A verbatim copy of the lines from the one with "Ceramic Oil Burner - 12x12x13 cm" through the final line below is required; print it and nothing else.

▶

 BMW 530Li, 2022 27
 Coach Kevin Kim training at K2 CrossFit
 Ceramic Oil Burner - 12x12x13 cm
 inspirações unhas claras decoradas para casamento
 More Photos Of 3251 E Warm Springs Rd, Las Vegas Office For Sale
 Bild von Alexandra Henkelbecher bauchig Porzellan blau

◀

> **Answer box**:
 Ceramic Oil Burner - 12x12x13 cm
 inspirações unhas claras decoradas para casamento
 More Photos Of 3251 E Warm Springs Rd, Las Vegas Office For Sale
 Bild von Alexandra Henkelbecher bauchig Porzellan blau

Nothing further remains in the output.